Fantastic Fest: ‘Keep An Eye Out’ Is Very Funny, A Little Tedious, And Extremely French

Fantastic Fest


Keep an Eye Out
comes from French musician turned absurdist filmmaker Quentin Dupieux, aka Mr. Oizo, who’s known for a certain brand of oddball dadaism. For instance his 2010 film Rubber, which was about killer tire that could explode people’s heads. This one is about a man, played by mustachioed Gregoire Ludig, looking like a French Rob Delaney, who finds a corpse outside his apartment. He’s in the midst of trying to explain this story to a detective played by Benoît Poelvoorde inside a dowdy police station. Virtually the entire movie consists of this one place and this one story.

Dupieux has a rare talent for surrealist humor and when it works, it really works. The film’s centerpiece is a sequence involving a one-eyed cop which gives the film its title, a slow build that comes to a big crescendo. It’s a perfect mix of pun, slapstick, and absurdity.

Poelvoorde’s character, meanwhile has a hole in his chest that leaks when he smokes cigarettes, which he’s naturally very nonchalant about, much to the chagrin of the mystified Ludig. It’s a good gag. That’s their dynamic in a nutshell, one man refusing to acknowledge the ridiculousness of a situation.

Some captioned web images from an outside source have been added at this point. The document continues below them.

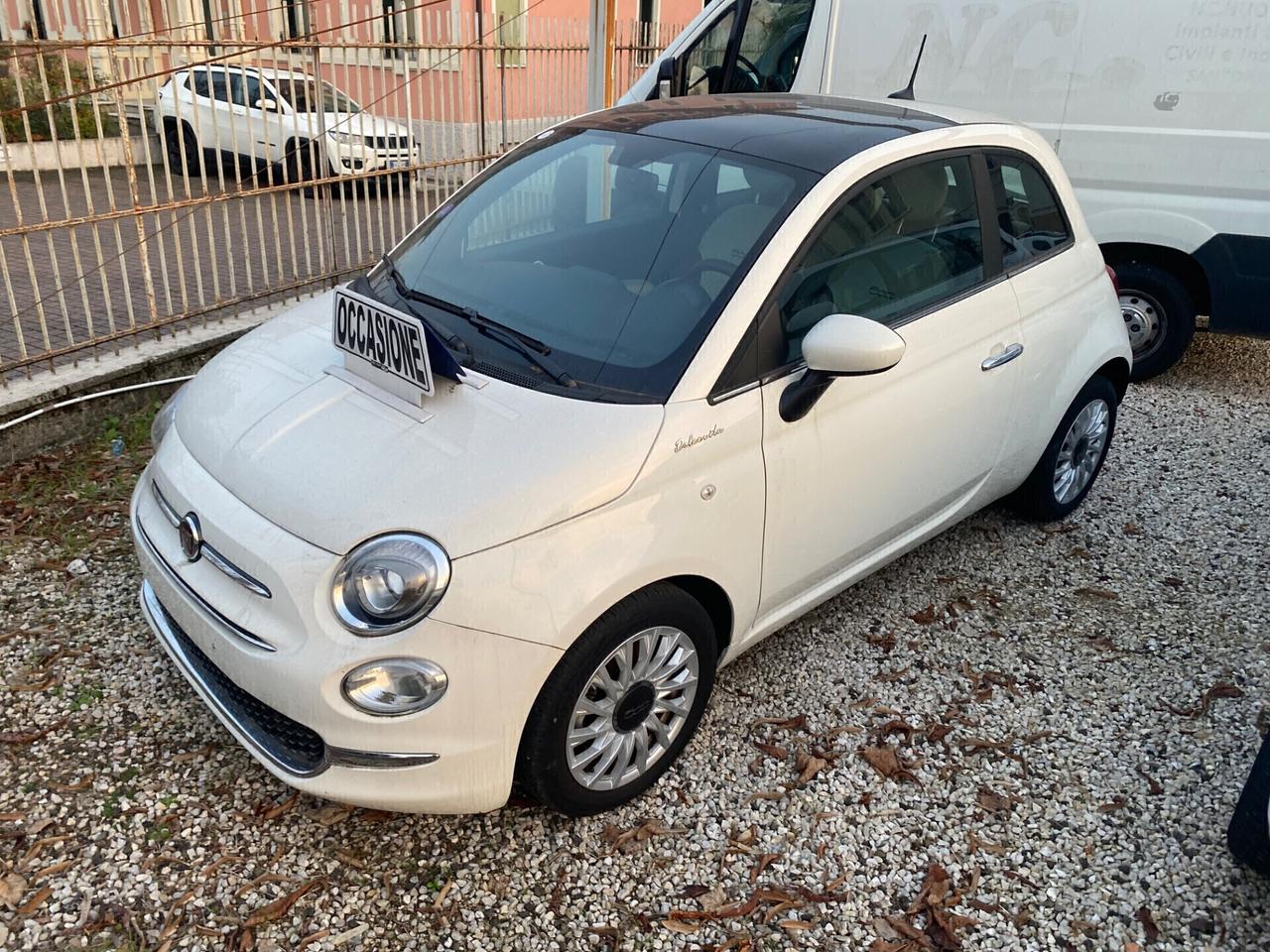 Fiat 500 1.0 Hybrid Dolcevita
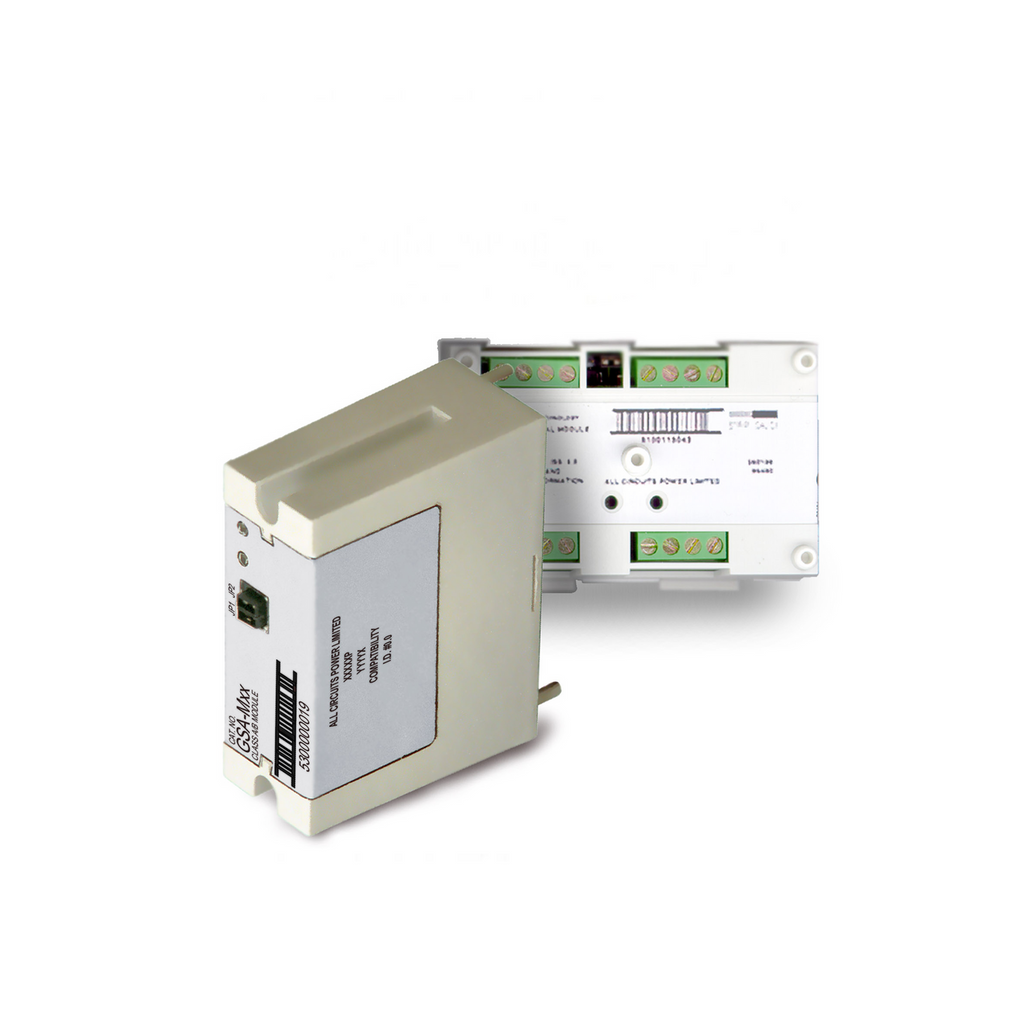 Kidde Addressable Monitor Module Módulo monitor una entrada GSA-CC1 Marca: Kidde | Security Doctors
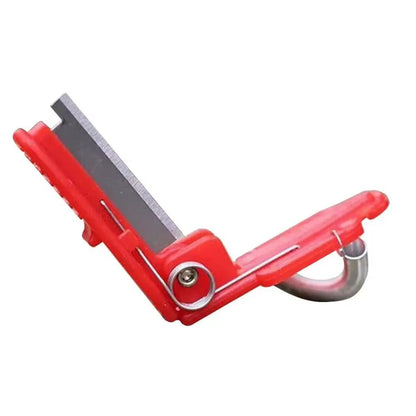 Multifunction Thumb Knife Garden Pruner  Safe Fruit Picking Blade With Finger Protector 5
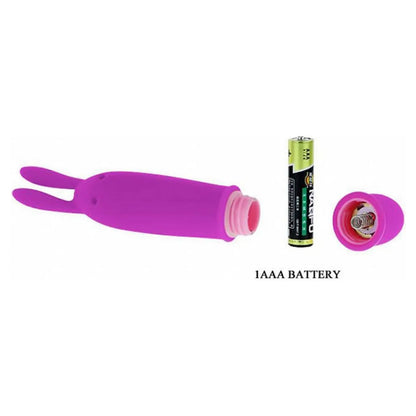 Mini Vibrador Estimulador Orejas De Conejo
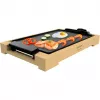 Lauagrill Tasty&Grill 2000 Bamboo, elektriline grillplaat puit, 2000 W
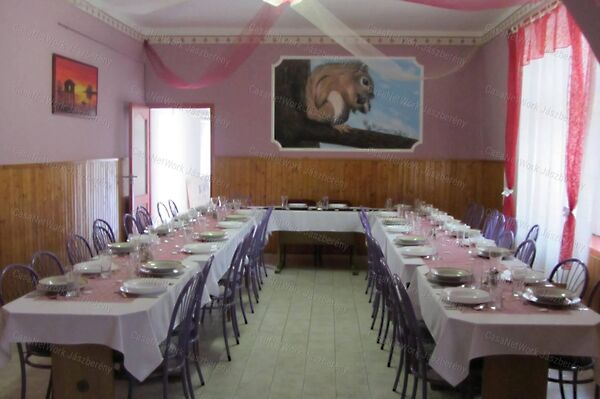 Eladó üzleti Tarnaméra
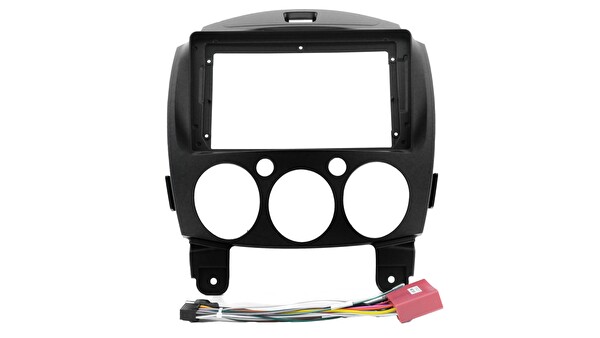 Govimaks Mazda 2 2008-2012 9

Dupieux is constantly stacking absurdity on top of absurdity like this, while French Rob Delaney plays the put upon straight man, trapped in some comedic Kafka story. It mostly works well, but for me there’s a point at which archness needs to give way to some kind of vulnerability or genuine feeling, or else it stagnates. As genuinely brilliant and funny as Keep An Eye Out is, I’m not sure that moment ever comes. All the absurdity starts to feel like a deflection. I know you’re clever, but who are you?

Likewise, the characters offer arch commentary on the tediousness of a scene, and it’s smart and funny, but doesn’t quite make the scene not tedious. “Eet eez, how you say, ironic, no? Eet eez funny because zee dog, he does not play pokair.”

Dupieux stacks humorous ironies like a virtuoso but I’d like a smidge more about what actually drives him (fun fact: “Quentin” apparently sounds like “con-tawn’ in its proper French pronunciation). Regardless, I enjoyed Keep An Eye Out more than Dupieux’s last couple films and it should be an absolute delight for anyone who likes Euro slapstick slightly more than I do.